Camoufler son anxiété

Il est possible qu’elle soit trop jeune pour prendre conscience de ma nouvelle réalité financière, mais elle risque toutefois de ressentir mon stress. Cet été, l’anxiété s’est invitée chez nous comme Fred et Alicia dans une maison mixte d’OD, et selon Isabelle Landry, c’est là que le danger guette. « Si le parent transmet ses inquiétudes à son enfant, sa déception, sa peine, ça peut se compliquer », affirme-t-elle. L’enfant reproduit bien souvent les comportements de son modèle parental, il est donc préférable d’aller chercher les outils nécessaires pour mieux gérer son anxiété. On évitera que l’enfant s’inquiète pour des raisons qui ne lui appartiennent pas.
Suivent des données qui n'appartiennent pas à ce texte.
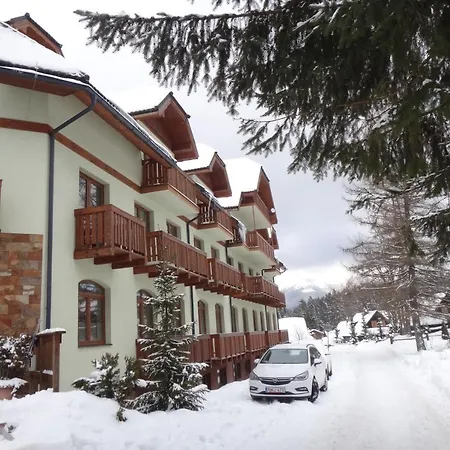 Kamzik Apartment *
J’ai quand même fini par vendre ma voitureet j’ai commencé à dire non plus souvent à ma fille, quand elle me demandait de lui acheter des trucs non-essentiels, comme une quatorzième poupée. J’ai eu peur que ces changements ne l’inquiètent. Selon la travailleuse sociale, la clé de la transition budgétaire en douceur est dans l’attitude du parent.

« S’il adapte son budget et ses dépenses, s’il est confiant dans sa façon de faire et s’il est rassurant en informant son enfant qu’il n’est pas possible d’acheter tel ou tel truc, l’enfant comprendra que son parent ne peut pas l’acheter. »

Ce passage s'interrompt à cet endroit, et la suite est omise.